Interview with Jewelry Designer Tanya Crane

Katie McCabe '21

Tanya Crane, esteemed jeweler and metalsmith and recent guest at the Donald Claflin Jewelry Studio Coffee Hour, talks with Katie McCabe '21 about her career path.

For many, this summer is riddled with uncertainty and suffering. In the midst of it all, students and staff are trying their best to stay connected and stay afloat. The Donald Claflin Jewelry Studio is fostering community and connection by holding online jewelry classes and hosting a biweekly Coffee Hour, where students are invited to join a guest artist for a casual chat about jewelry, life, or whatever their hearts desire. 

Tanya Crane was the Coffee Hour guest on July 20th. She is an esteemed jeweler and metalsmith from southern California currently living in Boston, MA, as a Professor of the Practice of Metals at the School of the Museum of Fine Arts in Boston. Much of her work, in her own words, "dwells within a liminal existence between prejudice and privilege" as she navigates being Black in white spaces. In the Coffee Hour and an additional interview, she generously shared her thoughts and experiences with Dartmouth students.

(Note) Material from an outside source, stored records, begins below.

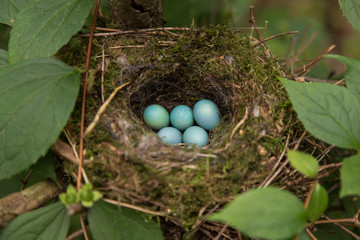 Five blue eggs in the nest in nature in forest closeup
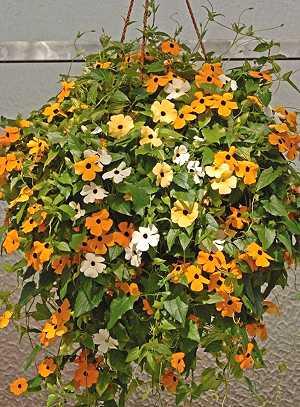 Thunbergia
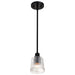 Myhouse Lighting Nuvo Lighting - 60-8605 - One Light Mini Pendant - Grayson - Matte Black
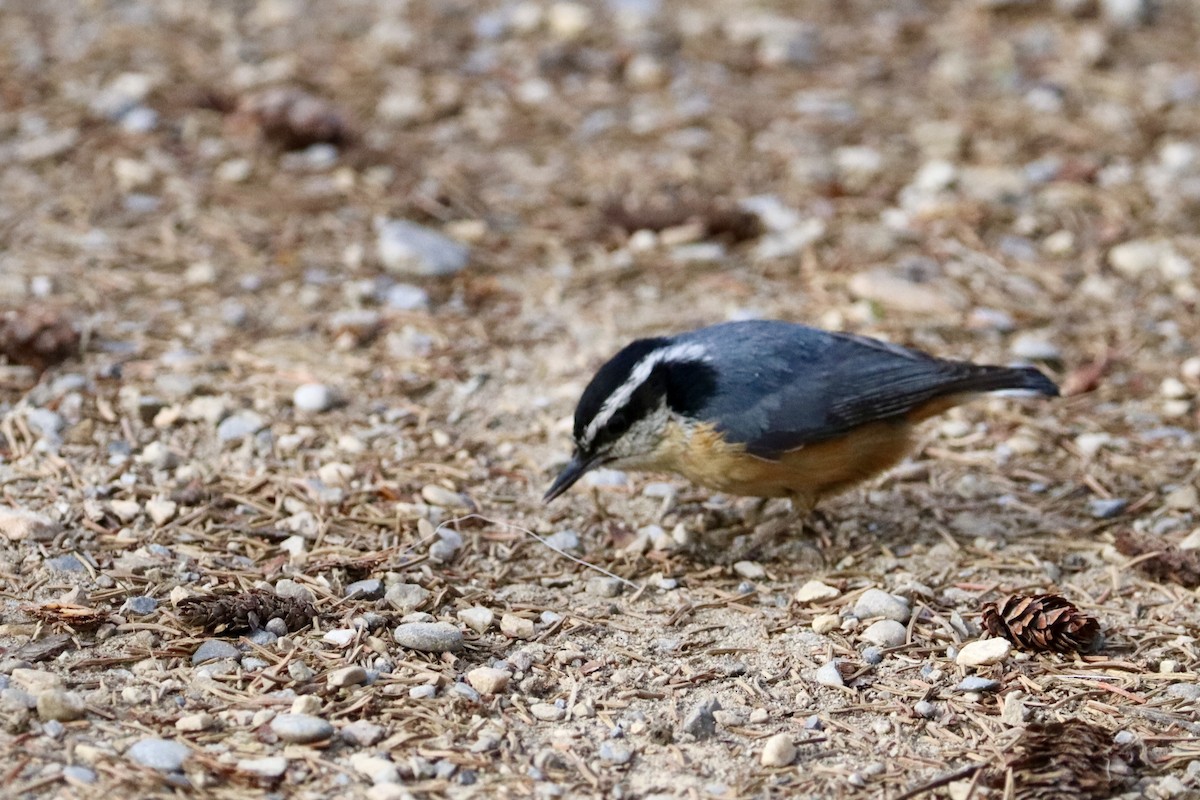 Red-breasted Nuthatch - ML619128724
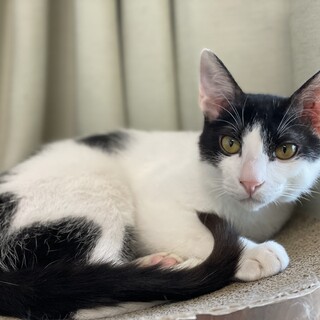 【四か月♂】尻尾LOVER　白黒コンパスくん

How did you get your start in jewelry and metal?

"I started taking metalsmithing classes in Seattle at a community art center named Pratt. It's named after Edwin T. Pratt, the Black activist. In the '60s he was assassinated in front of his home like all other Black leaders during that time… The very first class I took was a combination of foldforming and color on metal, which was enamel, and I was hooked from there. I took as many classes as I could. I worked there as a work study student, because of course I couldn't afford classes… I lived there for six or seven years, taking more than 20 classes." 

How do you choose your colors? What does color mean to you when you use it in your work?

"It's funny because it's kind of been an evolution. When I first started enameling, I was exploring all the colors. I gravitated towards green—bitter green in the Thompson enamel colors is my favorite green—and sapphire, and I would just pair a more earthy tone with a green or blue. Then in grad school, when I was making a body of work, I moved to just black and white. There was no color. I didn't even add a pop of red or something. The black and white for sgraffito was dramatic!… I still do black and white work, but I've moved to colors."

On being mixed-race in California and out East

"I grew up in a very white suburb, and my parents were divorced. My father lived a little further northeast in California and my aunt lived in South Central LA, so every holiday my sister and I would be carted around and shown off to all the relatives on my dad's side. It was a completely different world. If you can imagine late '70s-early '80s Black and white culture—totally different than it is now. Now there's more mixing happening. Even the idea of having a mixed race child—my mom, white, raising two Black children was really not common. I was seen as Black within my white community, but it was never an issue, it was never brought up. I was seen as Black, but I was white-accepted. And California is a totally different culture. Moving to the East Coast, it's more pronounced. I'm more on display. There's more interest in knowing 'what you are', that kind of thing. Wanting to 'get to the bottom of it' for whatever reason, to satisfy whatever curiosity. So that has spawned many bodies of work: this 'other,' but this 'accepted.' There are all these divisions that people have put up. And I'm discovering throughout this whole time my own identity. That's still happening, and it shifts, too. My husband and I have moved 25 times; we've lived in New York City, upstate New York, Madison, Wisconsin, Seattle, California, everywhere but the South. The East Coast is the most weighted as far as race relations. It's the oldest, it has the longest history of anti-Black, slavery, all of that stuff. It's weird. And I don't know that we'll ever get used to it. I don't know that it's ever going to change."

When you make art about your identity and growth, is it ever painful to sell any of it?

"It's never painful, but I think that working really long on a piece and then it going away is like losing a part of you. I wouldn't call it painful; I'd call it 'I hope it has a good life'. That's why I'm on the fence about collecting—not to wear, but collecting to put into a museum or something. I was asked several years ago by a museum to donate a piece, but I didn't donate a piece of jewelry. I donated a piece that was meant to sit somewhere… It's weird to work so long on something and have it just sit somewhere. I want people to wear it. That's why I make so many earrings!"

On who buys her work

"The art jewelry world is very small, and we pretty much support each other; we're the ones buying each other's work. It's the beauty, but it's also going to be the demise of our community—because there's no outside support. People don't understand that jewelry is a part of the art world, it's a part of the craft world, and that needs to be promoted as such so that more people are informed and want to purchase our work. People who are not jewelers! This is really important. We can only sustain it for so long, and there's a very small amount of collectors, and they're old now! They're donating to museums. Now, the work that's in museums is representative of about the 1980s. That's 'contemporary,' but really it's not… That's 40 years ago. We need to educate a new group of young collectors, and young collectors that aren't jewelers."